Condamné à devenir pharmacien parce que papa l’était (comme Brel l’a presque chanté), Allais quitte son Honfleur natal pour Paris afin d’y étudier filialement les médications. Mais il est très vite charmé par les nuits parisiennes, où il est plus assidu à la fréquentation des cabarets, notamment le fameux Chat noir, qu’à ses études. Pour survivre, il se met alors écrire des histoires humoristiques. Et à raison de deux à trois contes par semaine durant un quart de siècle, il en écrira pas moins de 1680 (!), répartis entre les huit journaux différents qu’il honora de sa plume, dont Le Sourire, qu’il dirigea jusqu’à sa mort.

Ces contes seront publiés en Œuvres anthumes[3] et posthumes[4]. Pour aborder ce grand œuvre, on peut se référer à son anthologie[5], demandé déjà par Tristan Bernard en son temps : « Nous rêvons depuis longtemps de publier une anthologie d’Allais. Les fleurs sont abondantes : mais le bouquet est difficile à faire. Pour qu’il garde son charme, il ne faut pas qu’il soit serré ». Il est vrai qu’une telle production inclus des ratés. Mais l’ensemble reste savoureux : « La statistique a démontré que la mortalité dans l’armée augmente sensiblement en temps de guerre », « Il ne faut jamais faire de projets, surtout en qui concerne l’avenir », « La mère est salée parce qu’il y des morues dedans. Et si elle ne déborde pas, c’est parce que la Providence, dans sa sagesse, y a placé aussi des éponges ».

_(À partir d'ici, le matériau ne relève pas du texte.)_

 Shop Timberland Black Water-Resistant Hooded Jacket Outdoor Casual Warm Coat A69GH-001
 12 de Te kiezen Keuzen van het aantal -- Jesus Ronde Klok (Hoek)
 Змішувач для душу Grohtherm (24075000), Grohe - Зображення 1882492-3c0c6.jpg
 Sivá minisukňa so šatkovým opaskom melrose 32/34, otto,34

En fait, jamais aucun humoriste français n’égala la cruauté désinvolte et la perfection des nombreuses d’Alphonse Allais, qui demeure l’auteur français sans doute le plus proche de cet humour anglo-saxon si différent du nôtre par sa cruauté à froid et sa triomphale désinvolture : « Les familles, l’été venu, se dirigent vers la mer en y emmenant leurs enfants, dans l’espoir, souvent déçu, de noyer les plus laids ». Son œuvre ne peut se comprendre qu’en regard de son fond de mélancolie, qui l’amena à devenir humoriste professionnel. Timide, malheureux en amour, poivrot notoire, l’absinthe le tuera jeune, comme Jarry. Et c’est sans doute afin de pouvoir distraire ses pensées noires en exploitant, dans un nombre hallucinant de contes et de chroniques, le catalogue presque complet des farces et attrapes que l’on peut imaginer sous le soleil maussade de ce monde : « Je ne comprends pas les Anglais ! Tandis qu’en France, nous donnons à nos rues des noms de victoire : Wagram, Austerlitz… là-bas, on leur colle des noms de défaites : Trafalgar Square, Waterloo Place… ».

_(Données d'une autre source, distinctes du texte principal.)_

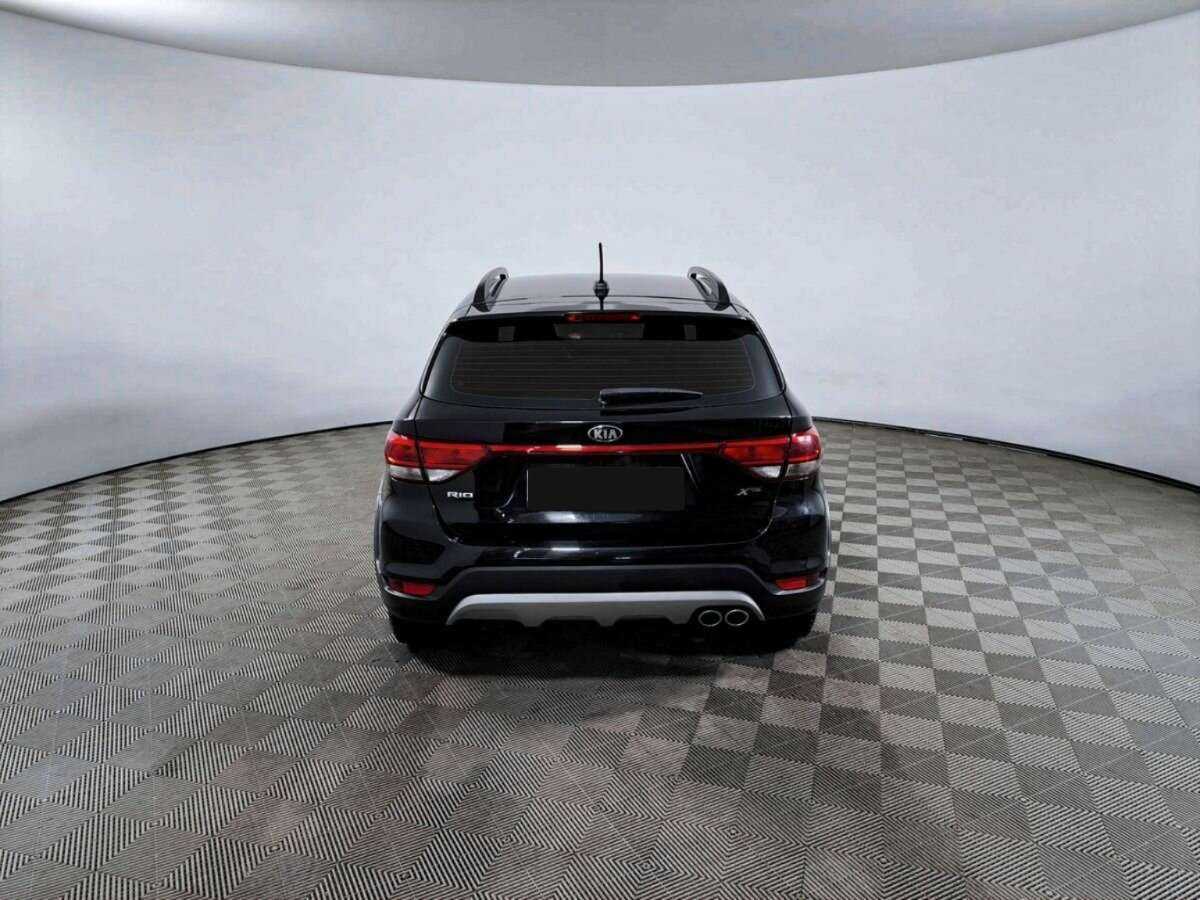 Kia Rio с пробегом — 2019 год. Фото: #5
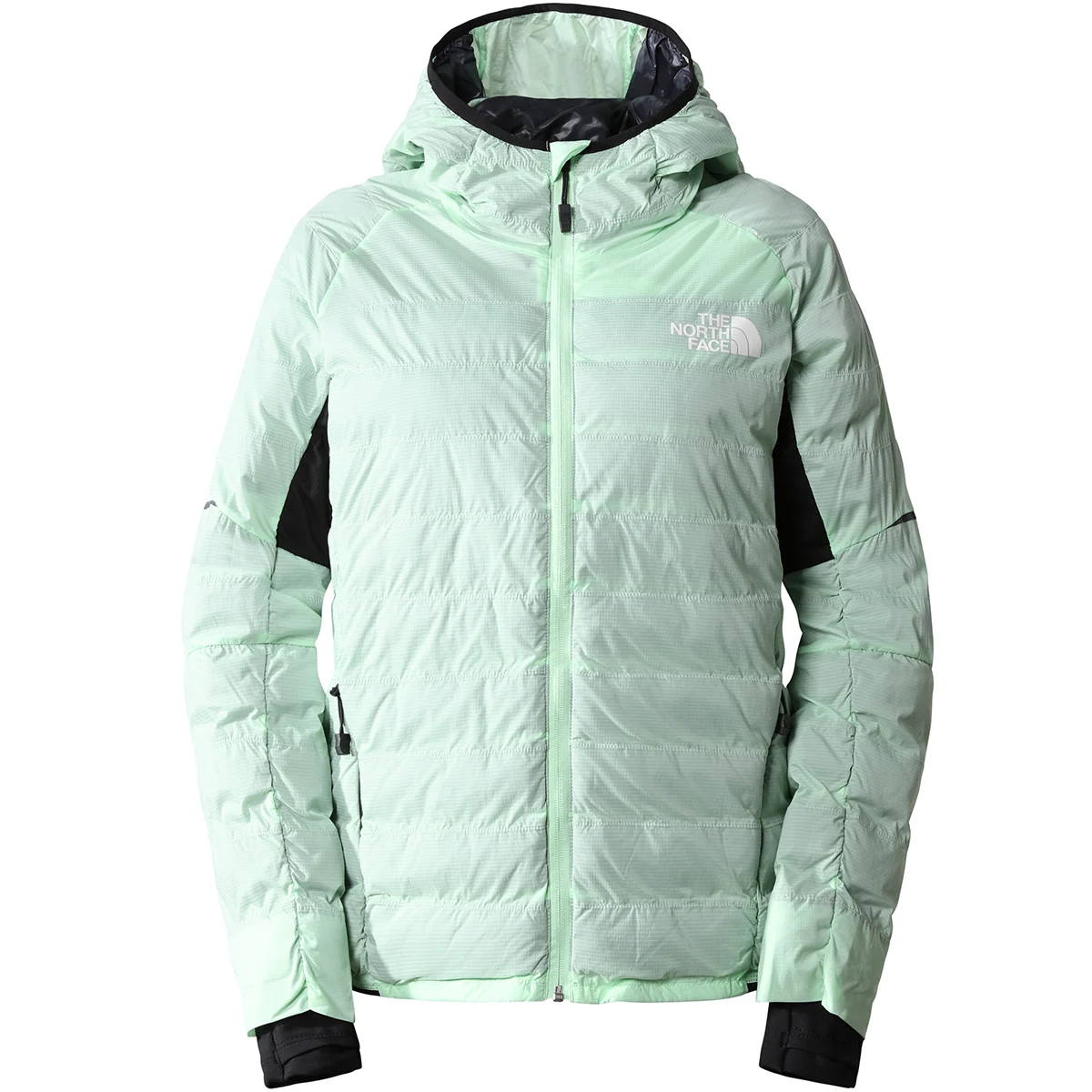 THE NORTH FACE W DAWN TURN 50/50 SYNTHETIC PATINA PATINA GREEN/VANADIS GREY  - Ski down jacket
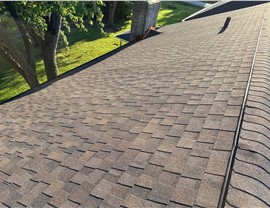 Gutters, Roofing, Roofing Replacement Project in Downers Grove, IL by Horizon Restoration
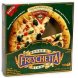 Freschetta frozen pizza with sun dried tomato crust, frozen pizza with sun dried tomato crust, vegetable primavera Calories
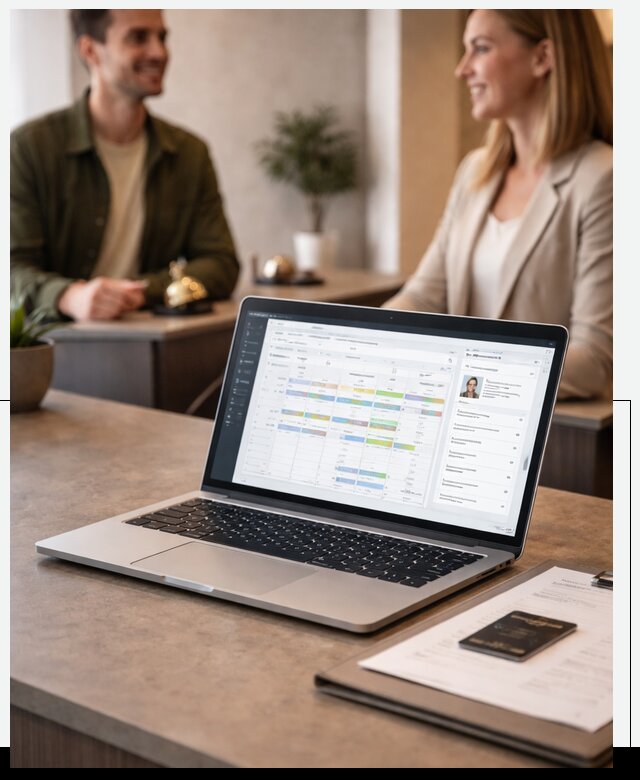 Внедрение Pms система для гостиницы в Ялуторовске от 6714 р. |АвикейЛтр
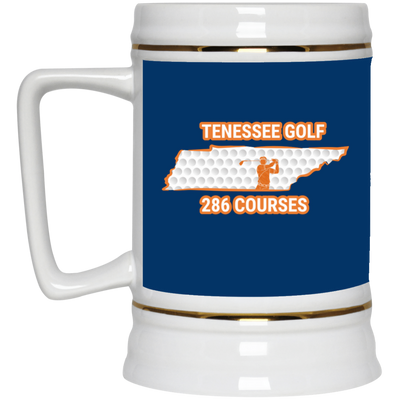 Tennessee Beer Stein - Manns Golf Cave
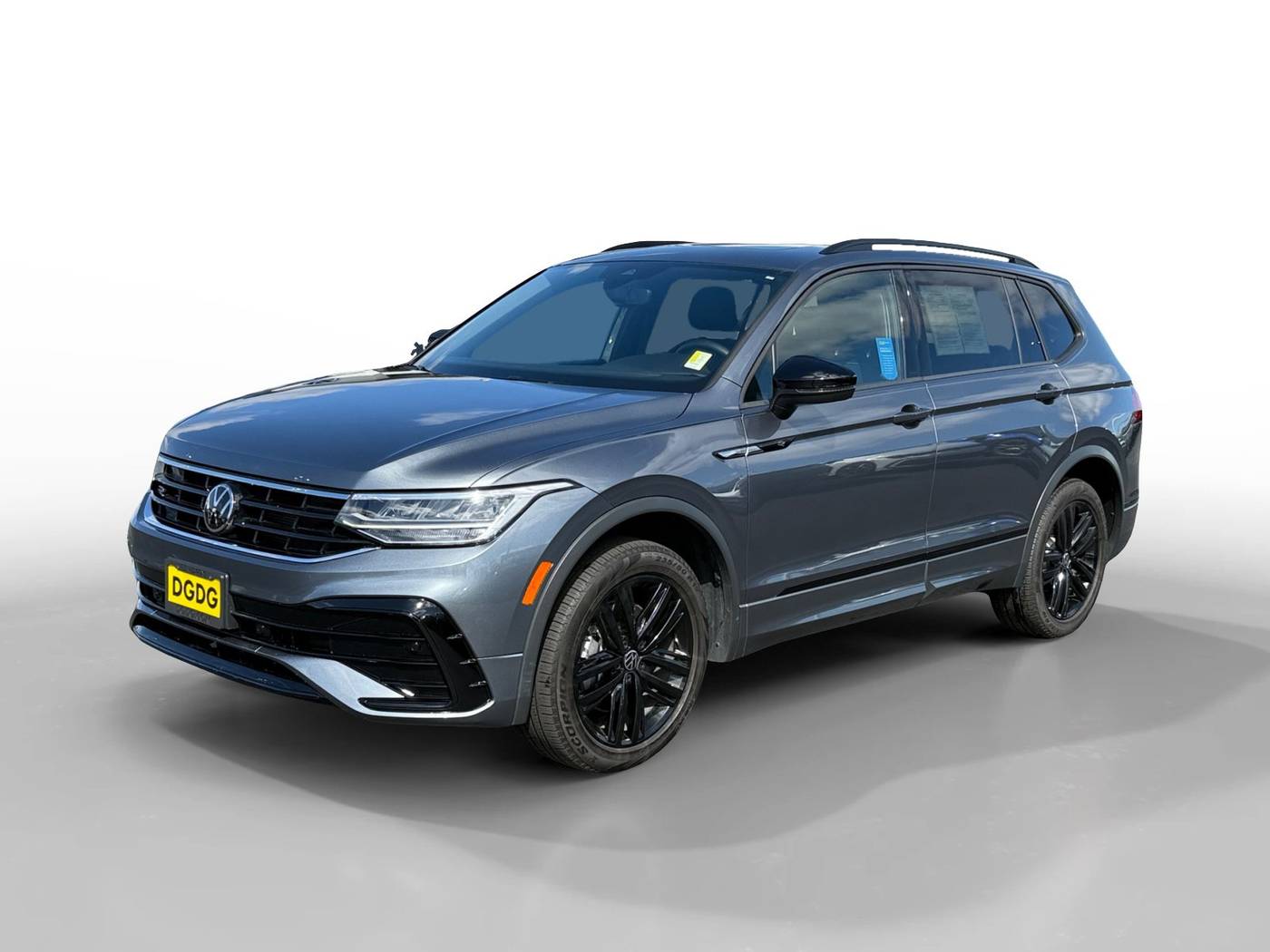 2022 Volkswagen Tiguan SE R-Line Black — SUV — 12,023 mi — San Jose, CA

Ses blagues monumentales firent beaucoup de victimes, mais il ne reculait jamais et renchérissait si protestation. Elles sont sa légende, comme son parasitage de la signature du critique Francisque Sarcey qu’il utilisait pour ses textes lestes. Il est le pionnier des pseudonymes à calembours, que Pierre Dac puis d’autres devaient reprendre.

Enfin, n’oublions pas qu’Alphonse Allais fut le premier littérateur à considérer son lecteur comme un personnage de ses histoires. Ce classique, dont l’écriture jetée est pourtant fort travaillée, devrait être d’urgence mis au programme de nos chers lycéens.

[1] Que peut-on garder des près de six cents romans publiés chaque année en France ? La cuvée 2005 de la rentrée littéraire consistait uniquement dans le match Houellebecq-reste de monde qui accoucha d’une souris.

[2] Si j’ai bonne mémoire.

[3] Les Œuvres anthumes regroupent ses douze recueils de contes publiés de son vivant.

[4] La collection Bouquins chez Laffont a publié un volume d’Œuvres posthumes, en sélectionnant le meilleur d’Allais. Au Livre de Poche, on retrouve plusieurs recueils de contes épars, non publiés en anthologie :Allais...grementA la UnePlaisir d’humour.

[5] La quintessence de la pensée allaisienne se retrouve dans Les Pensées, au Cherche midi, 1987.